The Thrill of the Hunt
An ode to malware hunting starring Lumma Stealer.
Introduction
As an offensive security specialist, I often analyze malware to stay up to date with current trends. Extracting TTPs from the latest samples is a good way to understand the shifts in modern tradecraft and keep adversary simulations relevant.
But while grabbing a cool APT sample from a malware repository or a threat hunting platform can be practical and efficient, it doesn't carry the same satisfaction for me as exploring shady websites to organically find and dissect suspicious executables.
While I rarely stumble upon completely new malware families since many of the samples are just repacked variants of known threats, I enjoy the process of finding them myself. I like collecting them from the wild, picking them apart, and understanding every bit and byte until the sample has no secrets left.
There is joy in the hunt.
Hunting Grounds
In many gaming communities, rank is status.
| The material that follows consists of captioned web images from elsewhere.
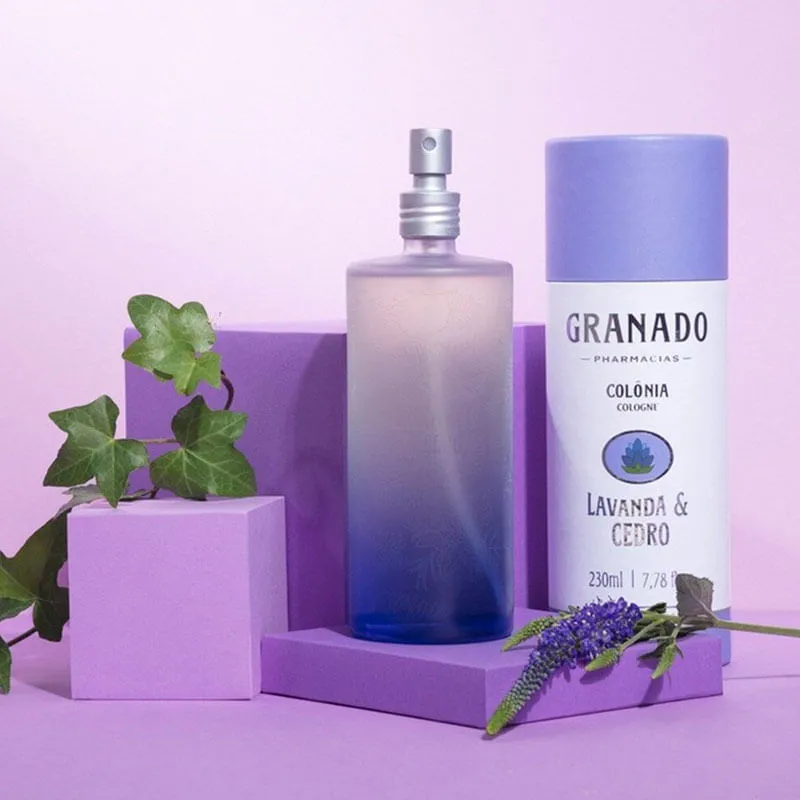 Frasco da colônia Granado Terrapeutics Lavanda & Cedro, com rótulo em tons de lilás, representando sua fragrância herbal e calmante.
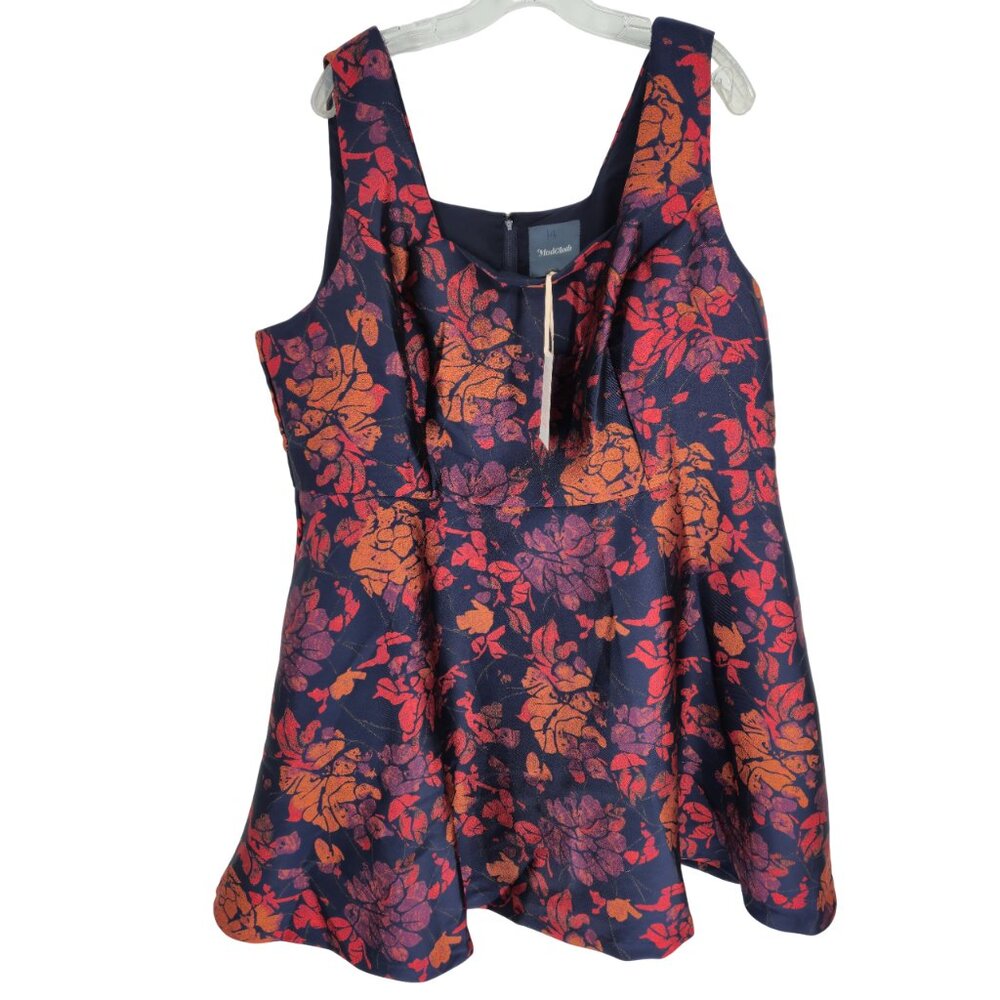 Modcloth RSVP Ready Dress Fit Flare Floral Brocade Cocktail Dress Metallic 26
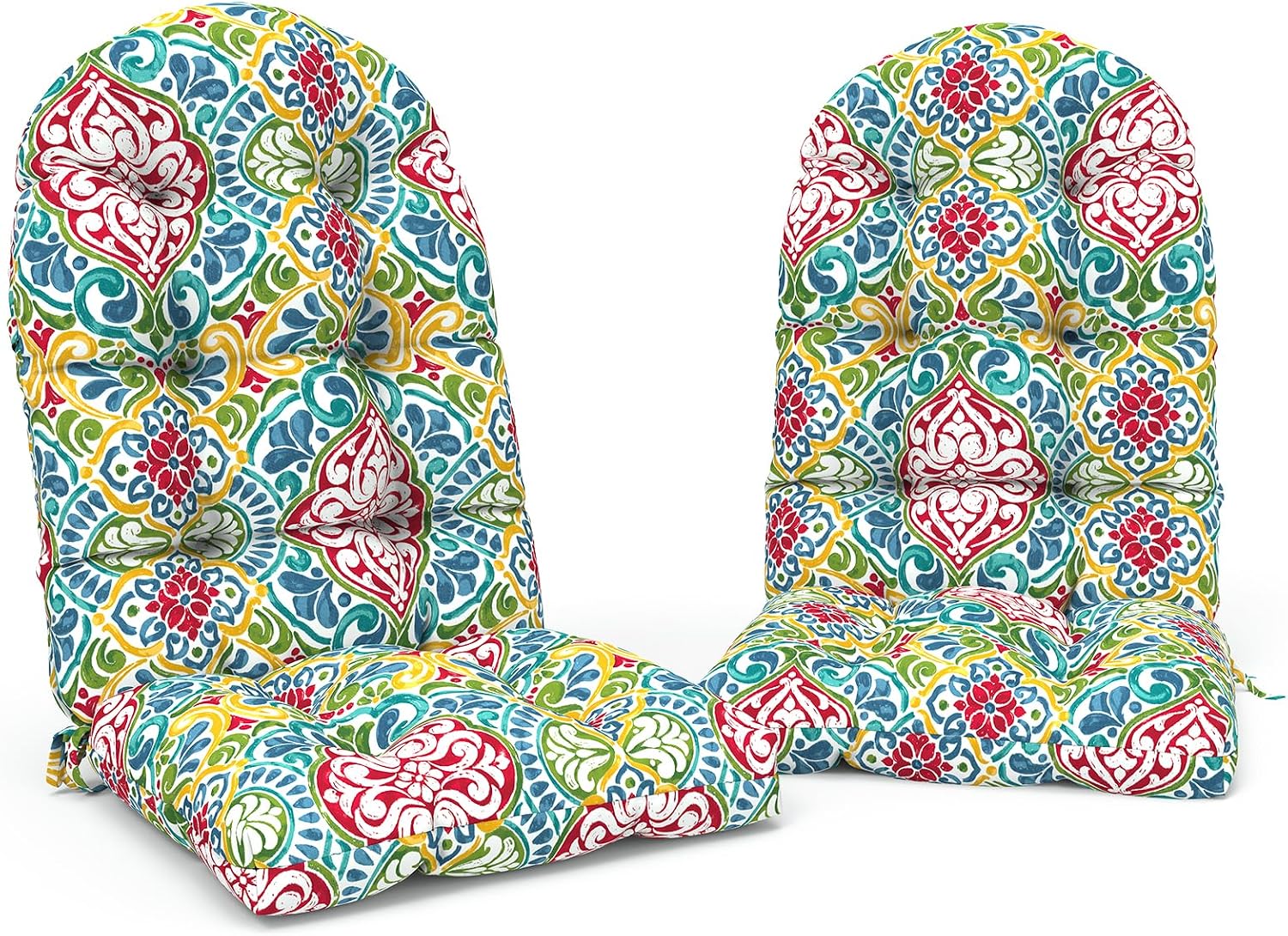 Indoor/Outdoor Adirondack Chair Cushions 44 x 19 x 4 Inch, Tufted Outdoor Rocking Chair Cushions, Anti-Slip High Back Patio Chair Cushion, Set of 2,Damask Red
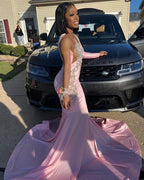 Pink Unique Long Classy Prom Dress Mermaid Party Dress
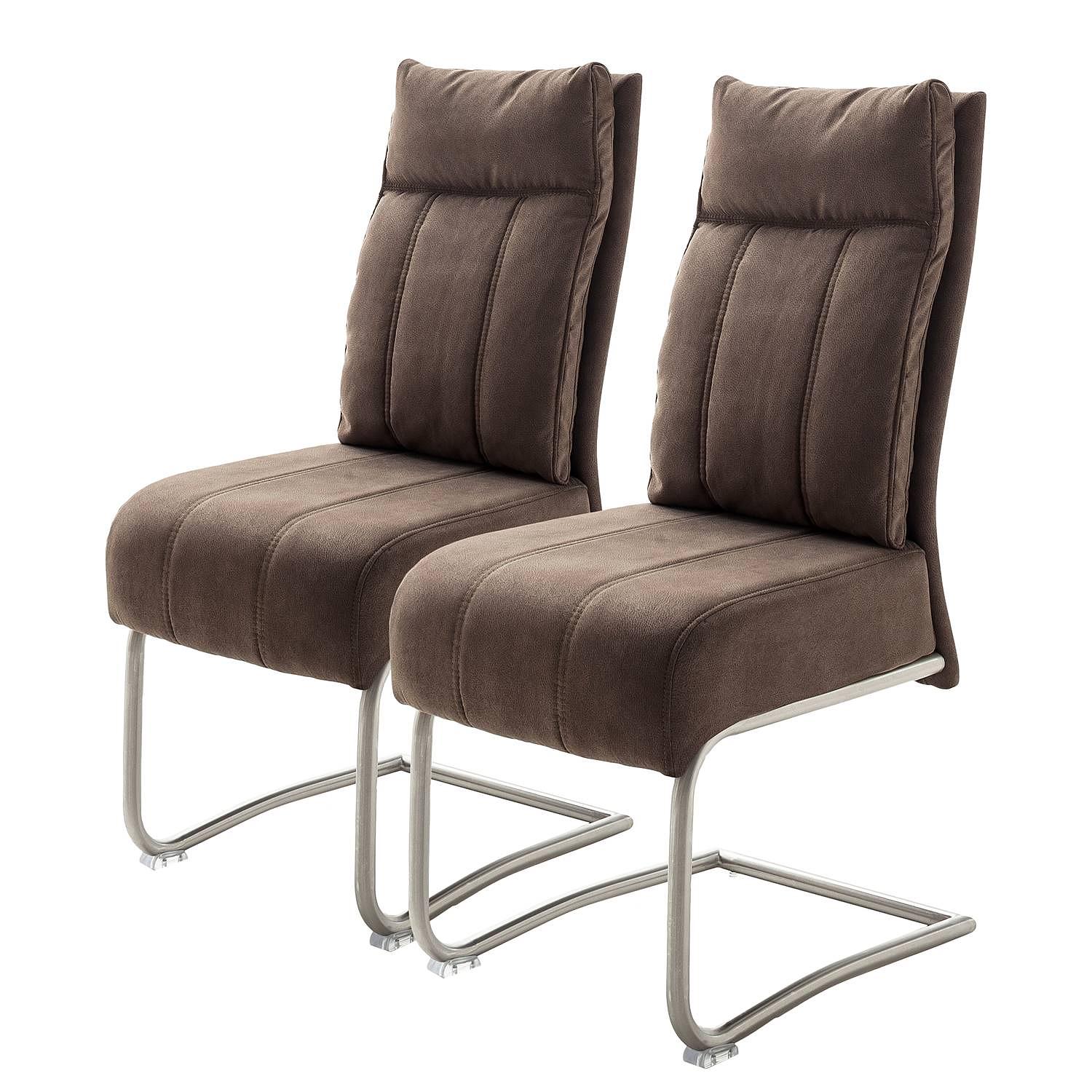 Freischwinger Crowan 2er Set Microfaser Edelstahl Sand 1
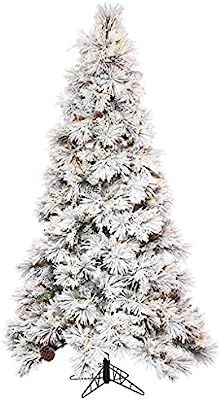 Vickerman Atka Pine Christmas Tree, 9' x 44", Flocked White on Green | Amazon (US)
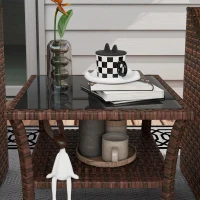 Outsunny Outdoor Wicker Coffee Table, Rattan Patio Furniture with 2-Tier Storage Shelf , Steel Frame Square, Side Table with Tempered Glass Top, Brown(m-8)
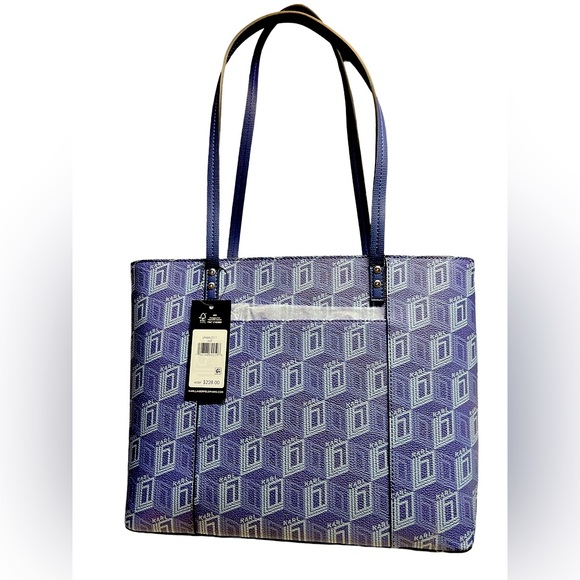 Karl Lagerfeld Paris NWT Blue Signature Karl Logo Maybelle Paris Tote P038) - Picture 4 of 12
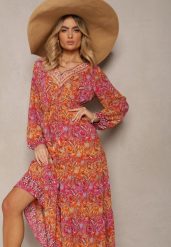 Czerwona Sukienka z Dekoltem w V o Rozkloszowanym Fasonie w Print Paisley Akka. Czerwone sukienki damskie Renee, na co dzień, l, bez wzorów, z zamszu, eleganckie, bez kołnierzyka, bez ramiączek, maxi, rozkloszowane. Za 79.99 zł.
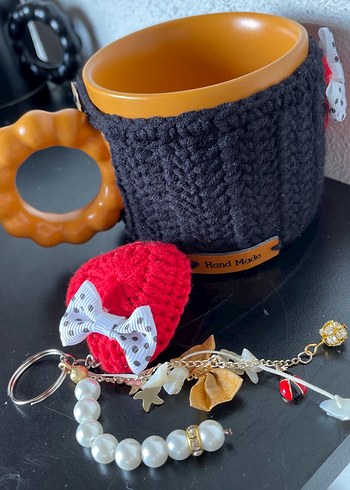 El Yapımı Bohem Kupa Kılıfı ve Anahtarlık - Görsel 3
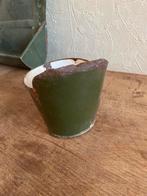 Antiek donker groene Emaille sopkop / zeepkop beschadigd, Antiek en Kunst, Antiek | Emaille, Ophalen of Verzenden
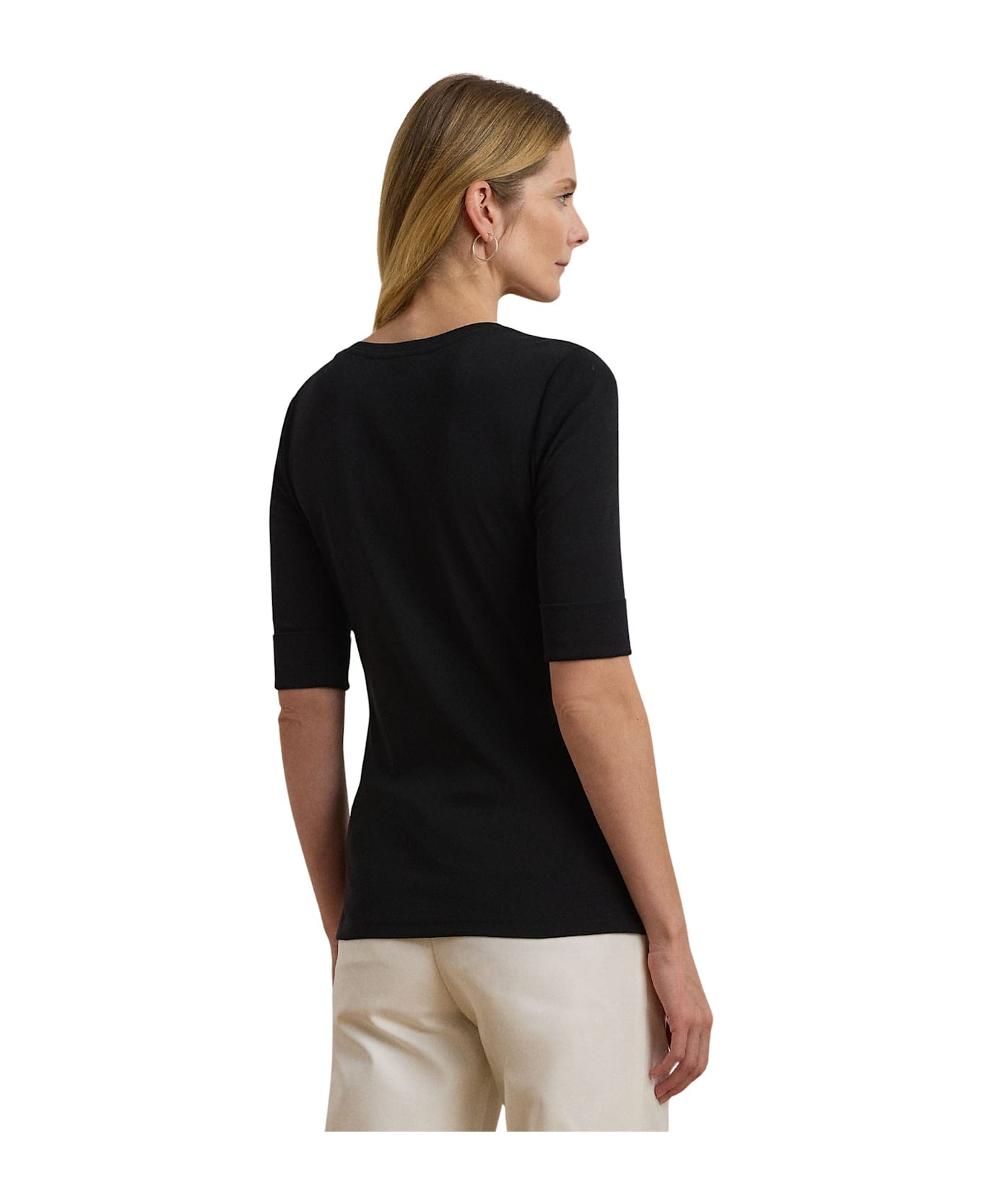 Ralph Lauren V Judy Elbow Sleeve Knit - Black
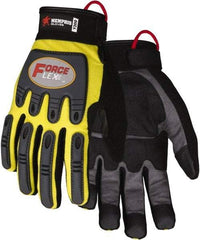 MCR Safety - Size XL Work Gloves - Adjustable Closure Cuff, Yellow Hi-Vis, Gray Leather, Red Logo, Hi-Vis Yellow Fabric, Paired - Benchmark Tooling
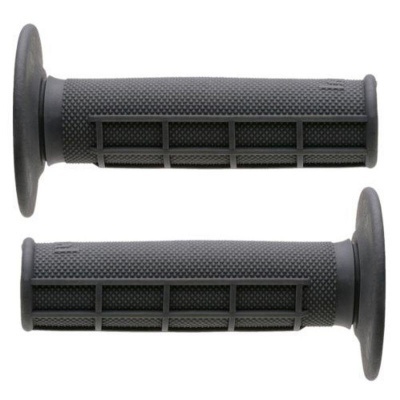 Par de punhos pretos para bicicleta ou moto em borracha com textura e aba circular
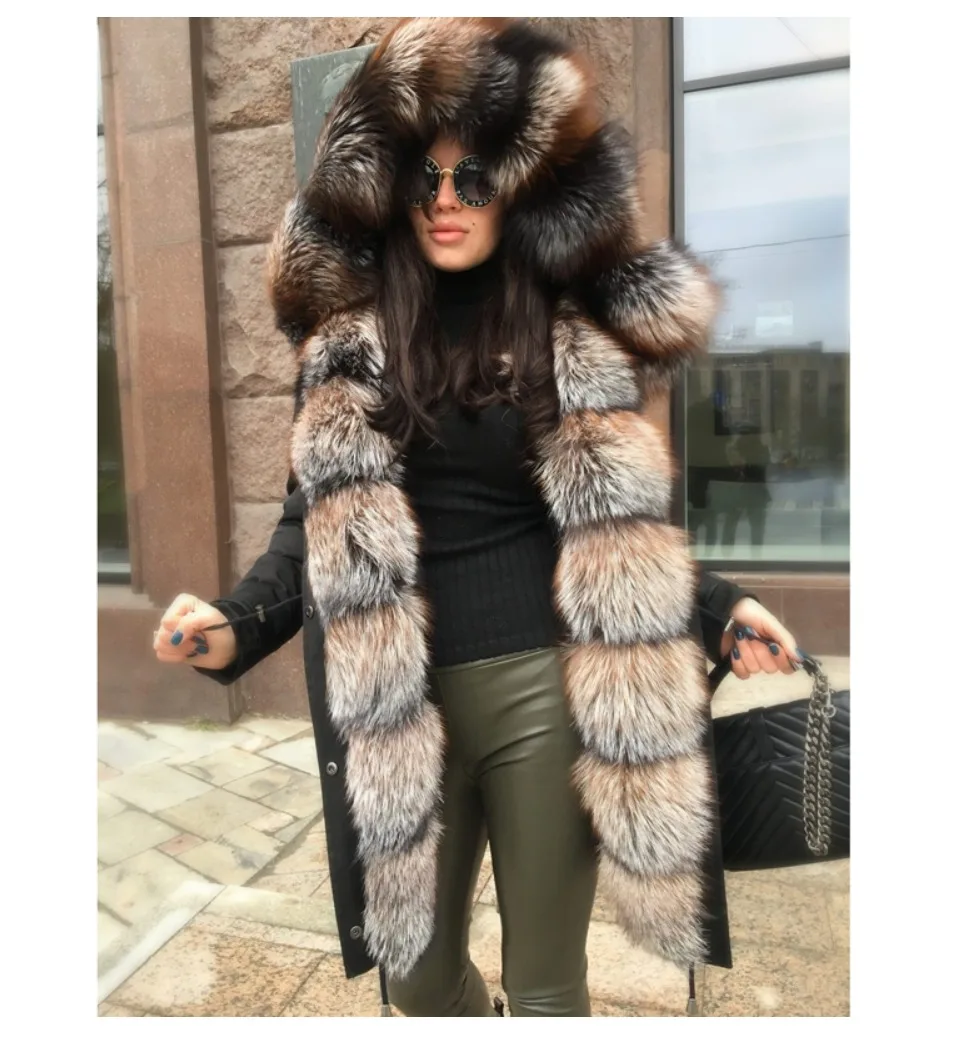 CKMORLS Новая женская парка из натурального меха, зимняя куртка с натуральным лисьим меховым воротником, черная верхняя одежда, толстые теплые пальто, свободные длинные куртки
When that status feels at risk, some players look for shortcuts.
While one can't deny the existence of a thriving underground cheat market where players and streamers spend hundreds of dollars for exclusive cheats in competitive games, this article focuses on a different world: one of free cheats advertised on YouTube and link aggregators, packaged as easy tutorials like "NEW Working Cheat Undetected 2025" and propped up by comment walls of fake validation.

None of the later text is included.